# Frankie misses Ascot



## Clodagh (20 June 2017)

I know it is only pretend racing, but I love Frankie, such a happy chap compared to the old misery Ryan Moore. Such a shame he is missing the whole week.


----------



## highlandponygirl (20 June 2017)

That is a shame, such a great character for the sport.


----------



## Mariposa (20 June 2017)

He'll be spitting feathers after Lady Aurelia's amazing win. What a filly!


----------



## Clodagh (20 June 2017)

She really is. 
Haven't Coolmore had an awful day? Churchill didn't go a yard.
Godolphin have done really well, poor John Ferguson.
Beyond Conceit must be the biggest Galileo ever foaled!


----------



## Elf On A Shelf (20 June 2017)

Im slightly disappointed that Mullins and Richi Rich won today but hey ho!

It must have been a long time since Coolmore haven't won a race on the opening day of Ascot.


----------



## Clodagh (20 June 2017)

EKW said:



			Im slightly disappointed that Mullins and Richi Rich won today but hey ho!
		
Click to expand...

I was cheering on the rest of the field!


----------



## Elf On A Shelf (21 June 2017)

Coolmore are on the board courtesy of the wonderful Highland Reel! Galileo sired the first three home in that race. 

And where are all these Frankel offspring?!?! Hmmmm?!?!?! No where! He may have been something special in British (well English as the furthest he went from home was York!) Racing but he isn't setting the world alight as a sire yet! Ok to be fair he has some decent offspring but for everything that was tauted about him his daddy is still the business!

ETA - Wesley Ward is having a great Ascot! Fair play to him for bringing his team over to play with ours!


----------



## Orangehorse (21 June 2017)

Frankie is such a huge personality - ask a member of the public to name another jockey.  

As for Frankel - I thought nearly all his first runners had won?


----------



## Elf On A Shelf (22 June 2017)

The first offspring were very selectively ran. He got sent nearly 150 mares, say 15 didn't carry to full term. That leaves you 135, less than 50 ran as 2yos. So what happened to the other 80 odd? That's a high percentage of non runners. I'm thinking that the ones that weren't going to dazzle first time out will have been put away for this year. And more yet scrapped because they didn't show enough at home. The owners have the money to do that. Only allow the best to be seen in public for the first few years to keep the allure, the name and the price tag up. But the way he has been tauted you want expect him to have winners left right and centre at the big meetings. 

Instead Galileo claimed the first 4 classic of the season - a feat no other sire has ever done.


----------



## Clodagh (22 June 2017)

I thought Frankel was absolutely wonderful, but you are righrt as a sire he is sadly lacking.
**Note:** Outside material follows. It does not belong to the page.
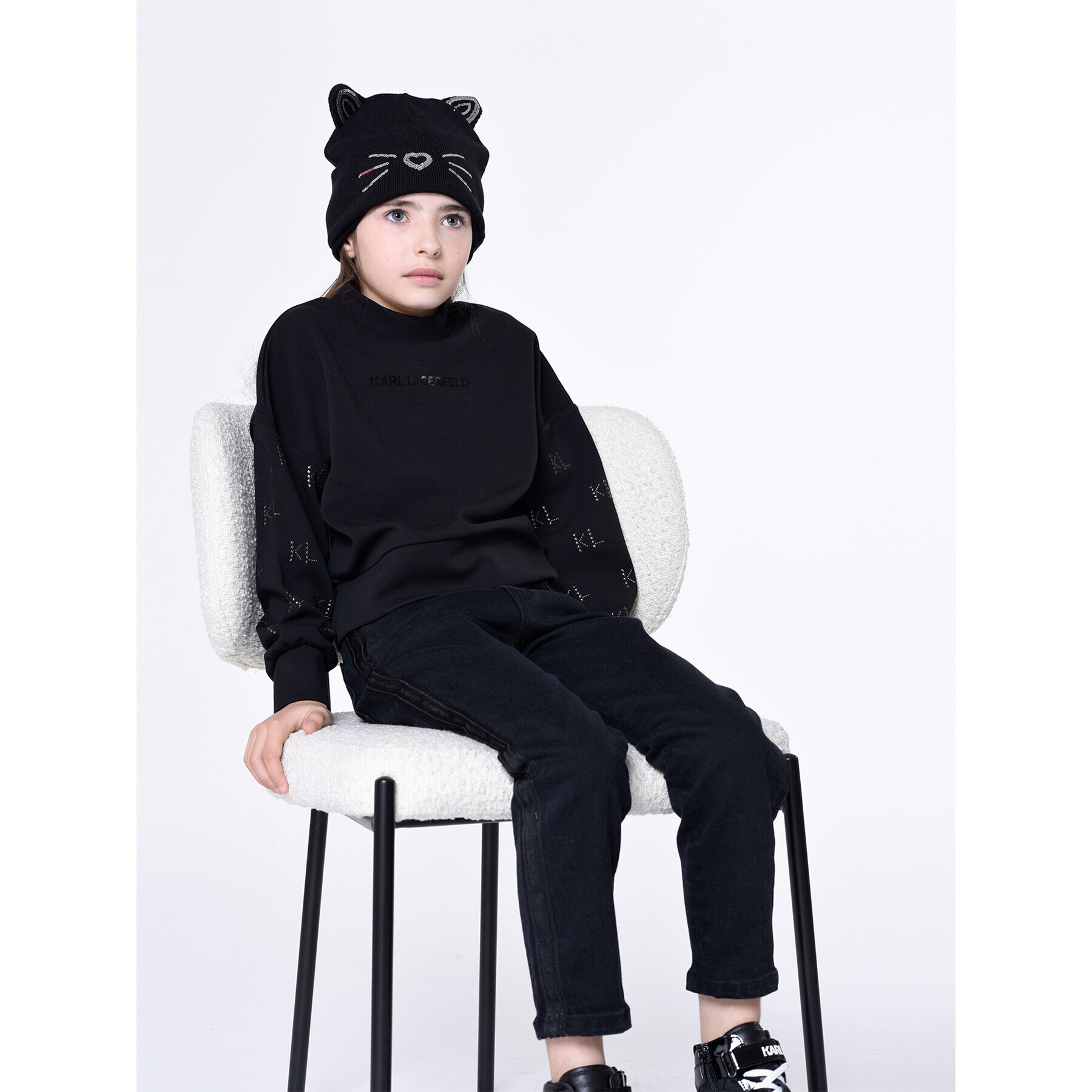 Karl Lagerfeld Kids Jeansy Z14217 D Černá Mom Fit - Pepit.cz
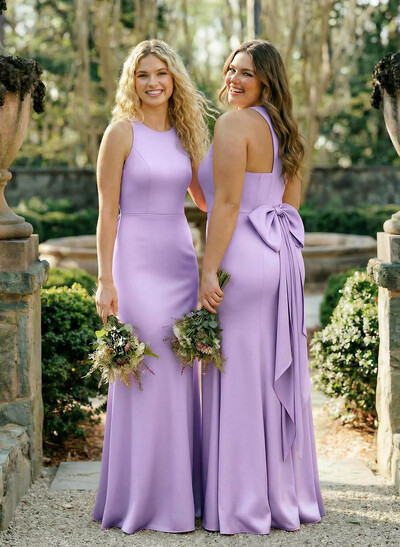 Sheath Column Scoop Neck Sleeveless Floor-Length Crepe Satin Bridesmaid Dresses With Bow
He was sent the best mares too, so I wonder if they will go back to him or not?


----------



## KautoStar1 (22 June 2017)

Clodagh said:



			I thought Frankel was absolutely wonderful, but you are righrt as a sire he is sadly lacking. He was sent the best mares too, so I wonder if they will go back to him or not?
		
Click to expand...

bl**dy hell, give the horse a chance.

And anyway, being a good race horse doesn't automatically transfer to being a great sire, bearing in mind his off spring have a lot to live up too.


----------



## KautoStar1 (22 June 2017)

EKW said:



			Im slightly disappointed that Mullins and Richi Rich won today but hey ho!
		
Click to expand...


As opposed to Coolmore and the various Arab owners winning everything, which is awfully boring is it not ?  Especially as virtually none of these horses are ever seen again after their 3 year old season.


----------



## Clodagh (22 June 2017)

KautoStar1 said:



			bl**dy hell, give the horse a chance.

And anyway, being a good race horse doesn't automatically transfer to being a great sire, bearing in mind his off spring have a lot to live up too.
		
Click to expand...

With the mares he had he should have at least a top class group race, if not a classic to his name. I do hope he does well, I wish him every success.


----------



## Elf On A Shelf (22 June 2017)

Clodagh said:



			With the mares he had he should have at least a top class group race, if not a classic to his name. I do hope he does well, I wish him every success.
		
Click to expand...

He has a classic winner in Japan but there's a reason their horses rarely come over here - they aren't good enough. 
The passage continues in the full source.